#### [Description of the task]
Lower down are entries containing pictures. Copy exactly, without those pictures, the lines from the line with "Oval Flat Hair Clip, Black" through the line with "Sematomala Women's Sleeveless".

#### [Record set]

*** Begin section ***

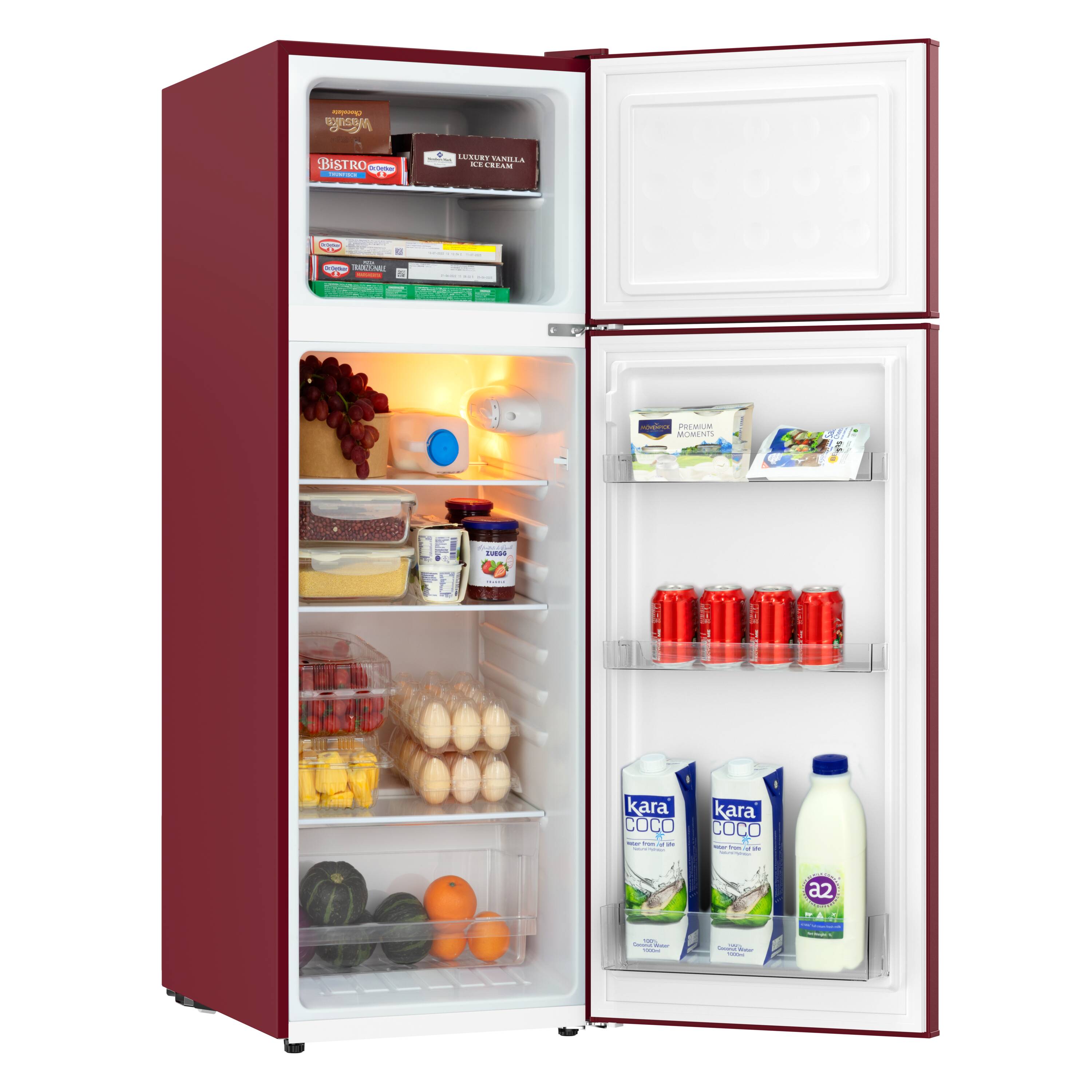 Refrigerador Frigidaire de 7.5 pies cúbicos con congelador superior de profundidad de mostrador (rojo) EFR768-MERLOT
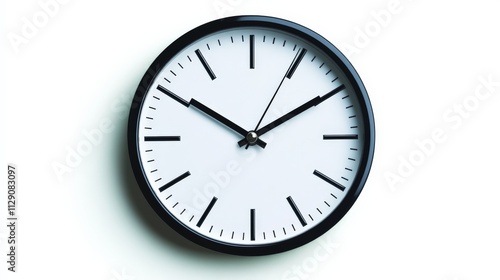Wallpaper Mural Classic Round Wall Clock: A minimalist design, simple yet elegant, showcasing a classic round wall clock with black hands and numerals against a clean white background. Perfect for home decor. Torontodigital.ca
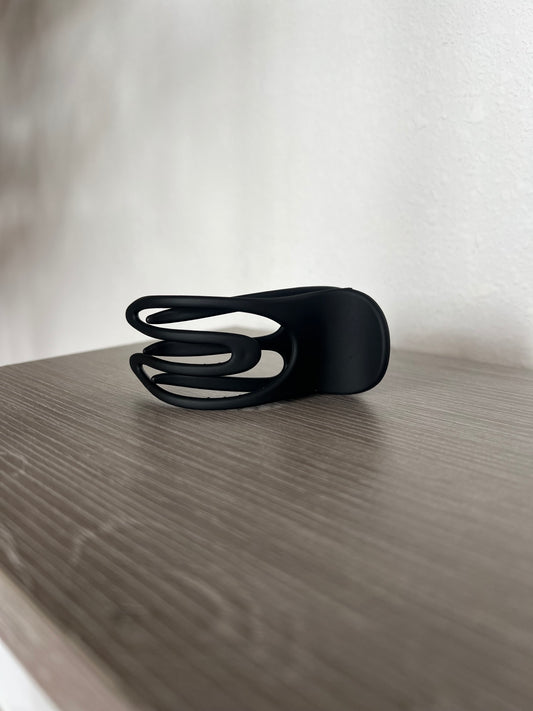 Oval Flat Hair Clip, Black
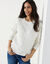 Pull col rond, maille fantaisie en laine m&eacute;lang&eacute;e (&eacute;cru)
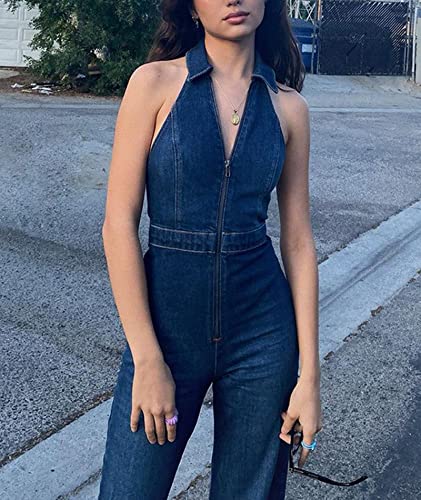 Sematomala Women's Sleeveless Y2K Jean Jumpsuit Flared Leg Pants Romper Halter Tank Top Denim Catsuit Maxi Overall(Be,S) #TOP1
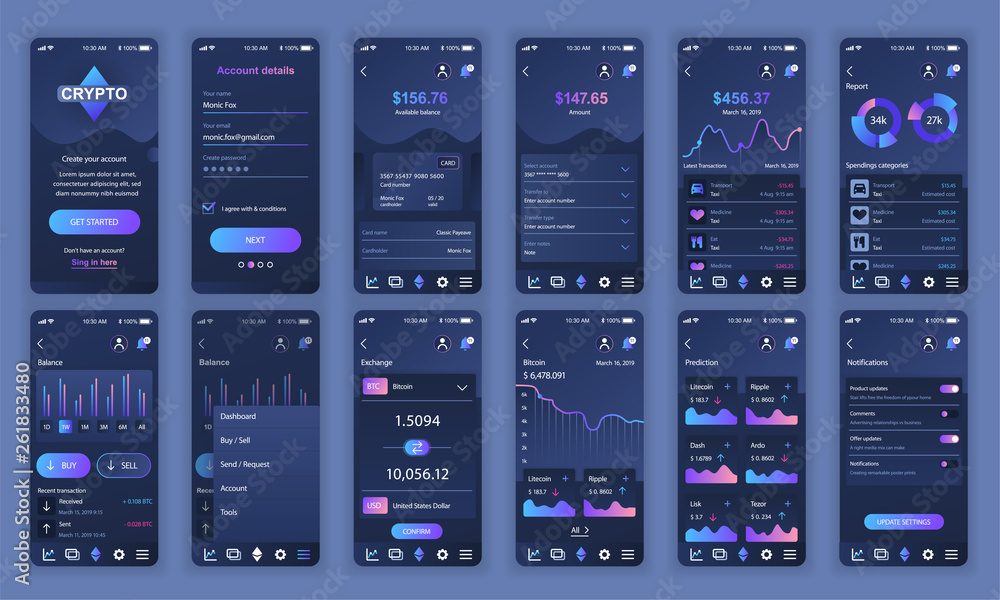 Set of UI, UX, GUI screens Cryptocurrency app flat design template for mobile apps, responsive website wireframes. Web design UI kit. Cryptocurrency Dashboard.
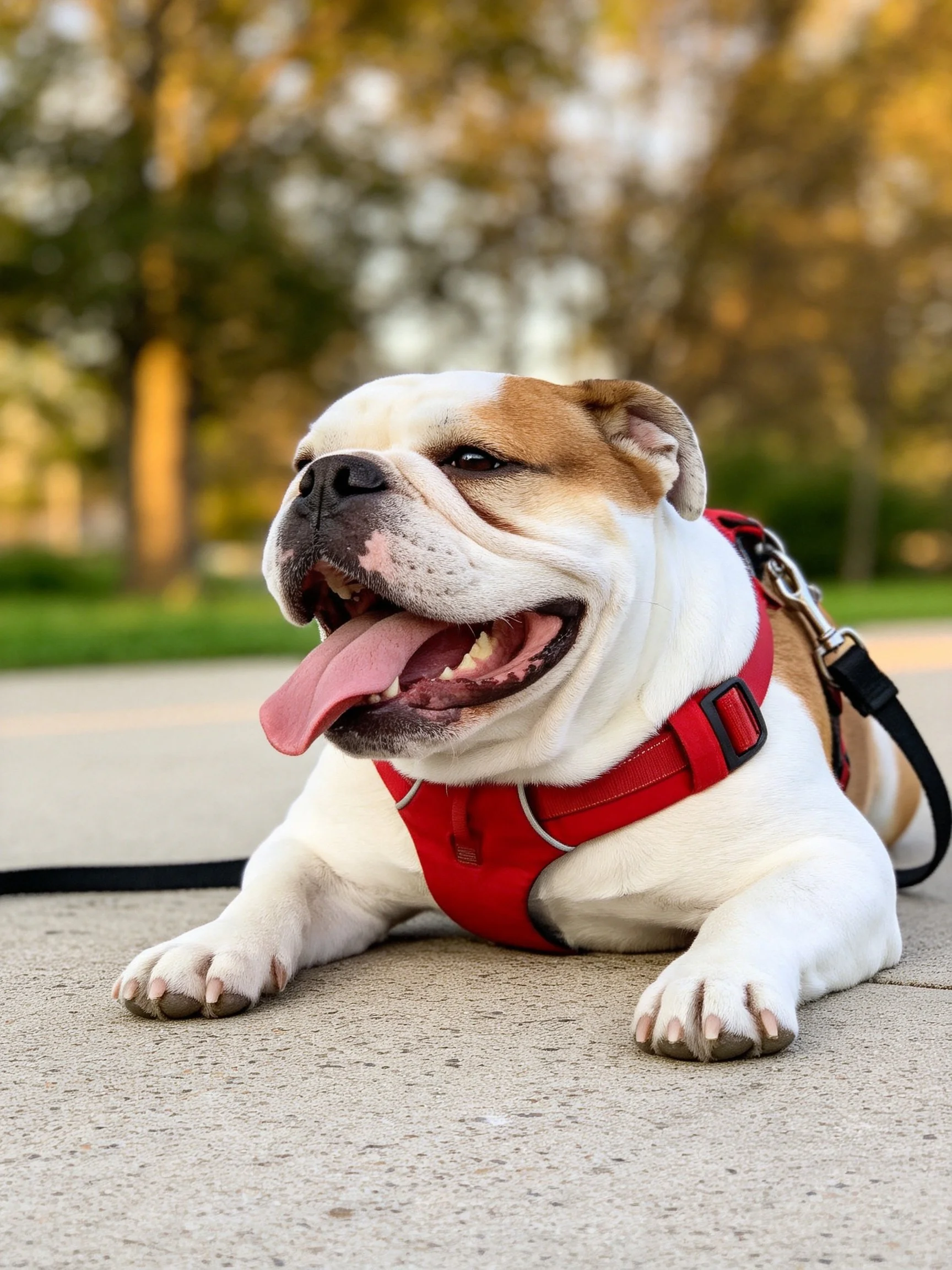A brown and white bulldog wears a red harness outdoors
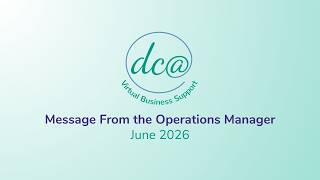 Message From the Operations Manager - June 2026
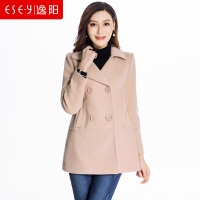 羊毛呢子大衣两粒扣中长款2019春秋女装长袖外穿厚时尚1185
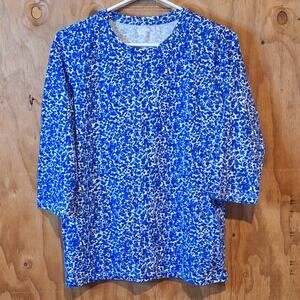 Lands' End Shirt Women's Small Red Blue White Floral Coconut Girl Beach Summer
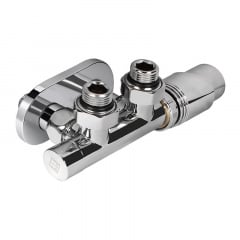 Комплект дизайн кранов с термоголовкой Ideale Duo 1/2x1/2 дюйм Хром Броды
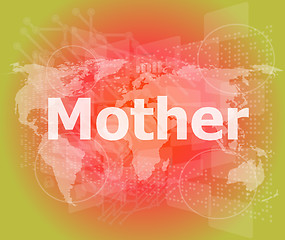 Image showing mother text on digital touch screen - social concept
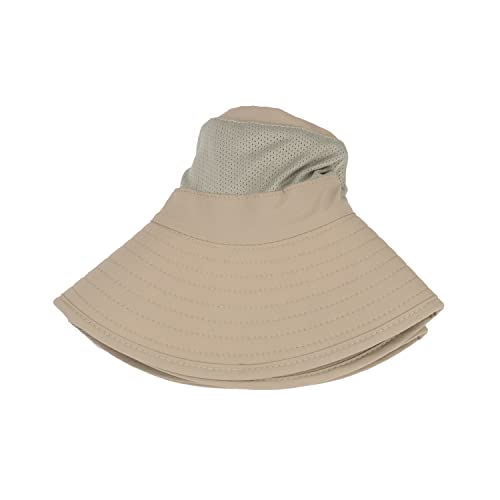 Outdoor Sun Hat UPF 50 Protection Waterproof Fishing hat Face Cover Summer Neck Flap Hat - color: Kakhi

*** End section ***

#### [Worked solution]
 Oval Flat Hair Clip, Black
 Pull col rond, maille fantaisie en laine m&eacute;lang&eacute;e (&eacute;cru)
 Sematomala Women's Sleeveless Y2K Jean Jumpsuit Flared Leg Pants Romper Halter Tank Top Denim Catsuit Maxi Overall(Be,S) #TOP1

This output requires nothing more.